■ **Work order**: Each line from the line containing "Quarto 2 de" through the last line of the entries is to be reproduced exactly as it stands.

Saved entries
*** Begin section ***
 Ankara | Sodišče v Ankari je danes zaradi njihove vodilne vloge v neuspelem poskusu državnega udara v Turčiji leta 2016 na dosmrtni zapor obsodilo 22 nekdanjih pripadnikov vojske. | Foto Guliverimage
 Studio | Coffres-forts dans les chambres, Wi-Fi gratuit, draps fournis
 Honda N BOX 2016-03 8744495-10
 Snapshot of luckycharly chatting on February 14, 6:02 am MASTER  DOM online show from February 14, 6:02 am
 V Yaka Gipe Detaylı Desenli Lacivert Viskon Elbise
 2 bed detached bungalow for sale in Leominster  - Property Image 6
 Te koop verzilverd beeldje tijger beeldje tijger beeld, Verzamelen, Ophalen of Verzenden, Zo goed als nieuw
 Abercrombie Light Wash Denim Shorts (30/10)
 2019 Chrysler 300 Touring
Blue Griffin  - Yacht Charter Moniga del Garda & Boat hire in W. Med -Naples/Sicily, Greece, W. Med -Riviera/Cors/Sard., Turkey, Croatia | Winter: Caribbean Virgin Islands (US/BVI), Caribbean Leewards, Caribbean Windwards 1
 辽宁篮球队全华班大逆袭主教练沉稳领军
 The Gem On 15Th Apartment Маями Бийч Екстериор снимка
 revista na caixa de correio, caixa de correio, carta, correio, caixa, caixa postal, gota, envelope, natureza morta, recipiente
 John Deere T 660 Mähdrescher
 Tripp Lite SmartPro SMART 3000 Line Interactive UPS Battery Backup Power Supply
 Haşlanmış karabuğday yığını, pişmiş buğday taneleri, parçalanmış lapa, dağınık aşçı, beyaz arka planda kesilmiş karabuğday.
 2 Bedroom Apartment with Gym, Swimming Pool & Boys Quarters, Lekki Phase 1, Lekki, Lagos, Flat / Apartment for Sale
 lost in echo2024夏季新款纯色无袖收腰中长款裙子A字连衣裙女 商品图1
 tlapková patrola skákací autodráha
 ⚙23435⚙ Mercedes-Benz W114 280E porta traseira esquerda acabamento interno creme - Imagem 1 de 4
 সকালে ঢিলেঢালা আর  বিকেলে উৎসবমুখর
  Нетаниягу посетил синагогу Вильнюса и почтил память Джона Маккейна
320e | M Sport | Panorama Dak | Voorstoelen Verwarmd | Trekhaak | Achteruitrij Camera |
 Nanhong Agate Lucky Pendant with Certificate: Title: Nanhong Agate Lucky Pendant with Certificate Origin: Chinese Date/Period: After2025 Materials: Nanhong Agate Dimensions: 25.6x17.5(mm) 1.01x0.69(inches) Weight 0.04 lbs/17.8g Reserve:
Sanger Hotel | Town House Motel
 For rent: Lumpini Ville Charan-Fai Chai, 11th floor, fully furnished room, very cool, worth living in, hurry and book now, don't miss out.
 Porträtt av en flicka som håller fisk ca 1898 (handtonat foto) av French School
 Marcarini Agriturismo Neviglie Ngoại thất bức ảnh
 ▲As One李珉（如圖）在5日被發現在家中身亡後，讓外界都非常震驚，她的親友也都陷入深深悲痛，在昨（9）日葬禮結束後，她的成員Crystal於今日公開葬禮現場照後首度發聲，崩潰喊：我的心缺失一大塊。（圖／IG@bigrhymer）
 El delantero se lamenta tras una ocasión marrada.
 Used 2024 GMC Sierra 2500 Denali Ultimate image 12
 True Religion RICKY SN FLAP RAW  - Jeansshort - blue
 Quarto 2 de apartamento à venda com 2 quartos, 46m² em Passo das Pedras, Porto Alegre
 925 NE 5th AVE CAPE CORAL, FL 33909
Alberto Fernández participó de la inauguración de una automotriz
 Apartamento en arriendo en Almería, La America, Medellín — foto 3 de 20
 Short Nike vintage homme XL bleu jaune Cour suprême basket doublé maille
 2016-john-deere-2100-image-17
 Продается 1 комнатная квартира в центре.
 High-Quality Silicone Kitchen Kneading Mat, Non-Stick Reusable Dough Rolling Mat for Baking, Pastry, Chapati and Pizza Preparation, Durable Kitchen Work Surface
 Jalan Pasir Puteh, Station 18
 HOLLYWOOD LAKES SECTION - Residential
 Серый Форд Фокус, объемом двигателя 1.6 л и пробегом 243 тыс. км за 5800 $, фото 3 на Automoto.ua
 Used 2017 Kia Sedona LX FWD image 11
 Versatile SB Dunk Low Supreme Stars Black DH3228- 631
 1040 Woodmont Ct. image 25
*** End section ***
■ **Answer**:
 Quarto 2 de apartamento à venda com 2 quartos, 46m² em Passo das Pedras, Porto Alegre
 925 NE 5th AVE CAPE CORAL, FL 33909
Alberto Fernández participó de la inauguración de una automotriz
 Apartamento en arriendo en Almería, La America, Medellín — foto 3 de 20
 Short Nike vintage homme XL bleu jaune Cour suprême basket doublé maille
 2016-john-deere-2100-image-17
 Продается 1 комнатная квартира в центре.
 High-Quality Silicone Kitchen Kneading Mat, Non-Stick Reusable Dough Rolling Mat for Baking, Pastry, Chapati and Pizza Preparation, Durable Kitchen Work Surface
 Jalan Pasir Puteh, Station 18
 HOLLYWOOD LAKES SECTION - Residential
 Серый Форд Фокус, объемом двигателя 1.6 л и пробегом 243 тыс. км за 5800 $, фото 3 на Automoto.ua
 Used 2017 Kia Sedona LX FWD image 11
 Versatile SB Dunk Low Supreme Stars Black DH3228- 631
 1040 Woodmont Ct. image 25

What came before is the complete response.